Prepared statements should not be used because they're faster. They should be used because they're much safer. The speed increase is just a free bonus.
@@tipeon I have been reliably informed that Oracle have imprisoned a Night Elf in their compiler and whenever it sees a java.sql.Statement, he screams "YOU ARE NOT PREPARED", teleports to it and starts wailing. It may be true, but I haven't used a PreparedStatement since Blizzard released Heroes of the Storm, so...
Our source has a lots of unprepared statements ❤ I gave up any security concerns in my company 😂 at least we just have a small number of accounts. It’s not perfect if someone is targeting us to exploit data but I haven’t written that bullshit
Great info which was valuable to me, and your channel is top notch anyway. And to add some humor into the mix: Beware, if you have more microservices than users, your system probably does not need indexing or the rest 🙂 stay health, stay fresh, and good luck out there
Your index explaination is not entirely correct. Postgres does offer hash-based indexes which are a lot closer to your explaination but the default index type (which you used in your creation example) is a B-Tree index, the data structure is very different. Paritions don't do anything meaningful to speed up writes, they would only speed up reads. Instead of scanning a whole table for a record, you only need to scan the single partition (assuming you're querying a single key) where you know your record lives in. It's the same concept as database sharding, but on one machine instead of multiple.

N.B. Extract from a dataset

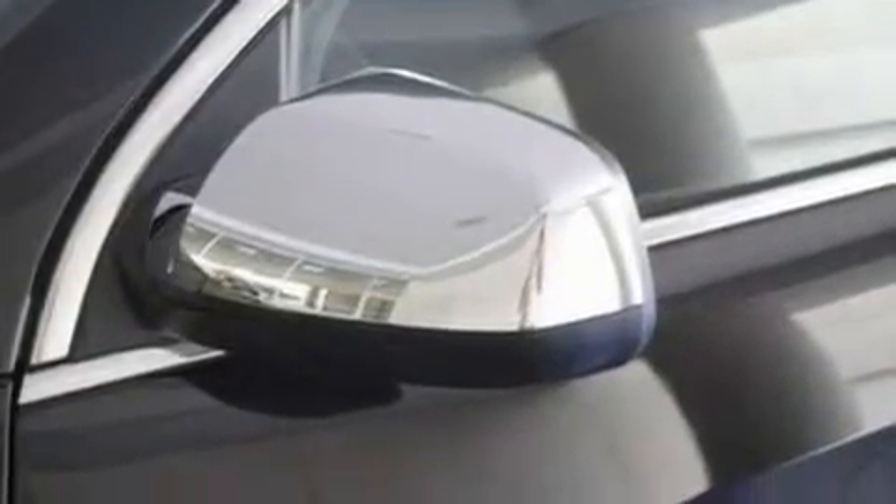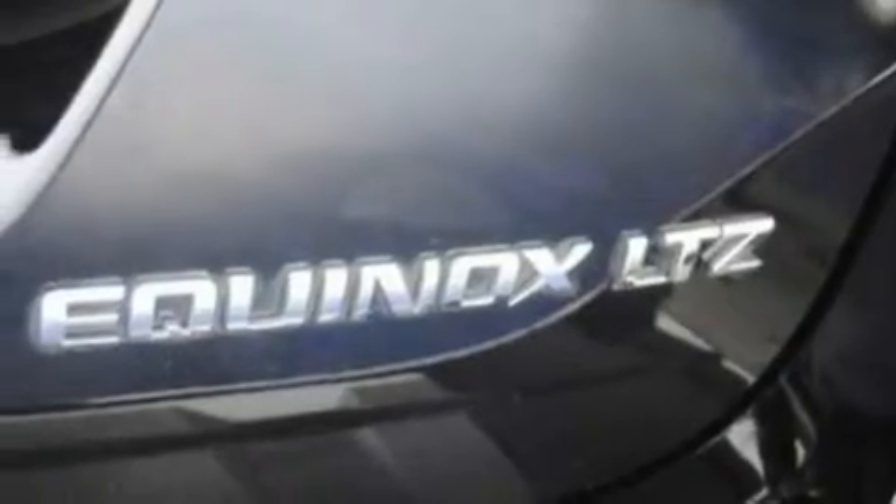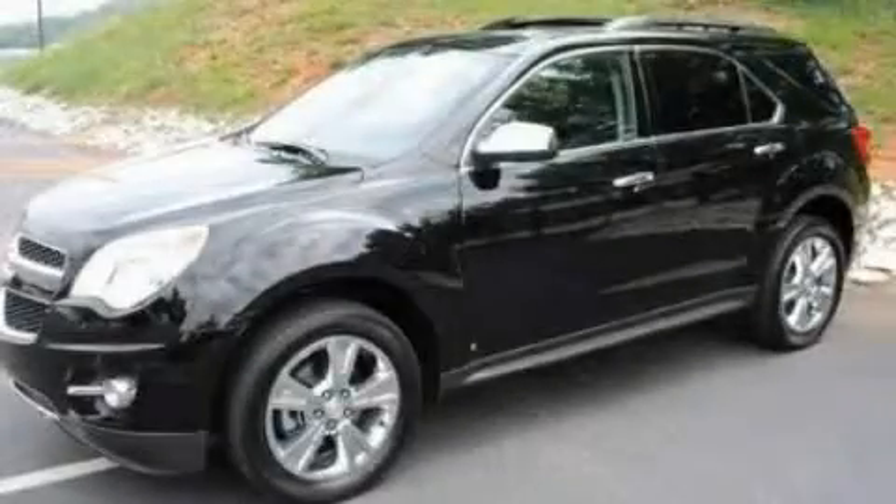With an EPA estimated rating of 32 miles per gallon on the highway, this vehicle is clearly a fuel-efficient choice. This vehicle is sure to sell fast. Call and arrange your test drive today.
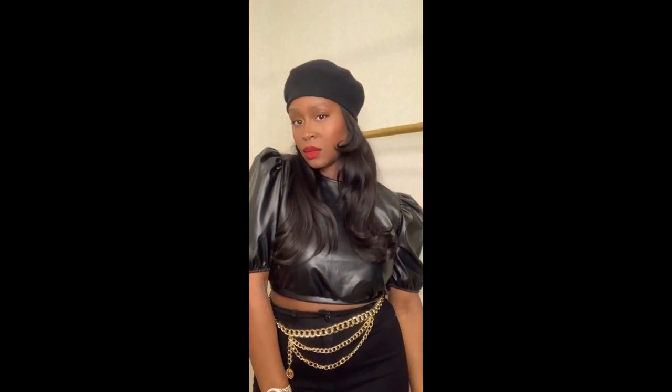Let's get into this outfit: hat, top, and earrings are H&M, belt and watch are from AliExpress, and pants are from Fashion Nova. Check the description box for all details.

Thanks for your comment! I'm not sure what you're referencing but yes, btree is the default index which uses a binary tree for its lookup table. Partitions can speed up writes usually when asscosited with b tree indexes. One such factor is because of b tree balancing, which on partitioned table is usually less intensive than on the entire data set. Another increase in performance is when performing deletes associated with the partition column, as deleting the partition rather than deleting the rows of a table prevents rebalancing from taking place. This is common in time series data and dramatically improves write performance.
slight addition to COPY. you can use \copy from client if you don't have access to store input files on server. i.e. You can locally stream csv to server.
I want to be from ur first subscribers so when u reach a million in the next year i will comment i was here when he was getting started (i was here at 5k)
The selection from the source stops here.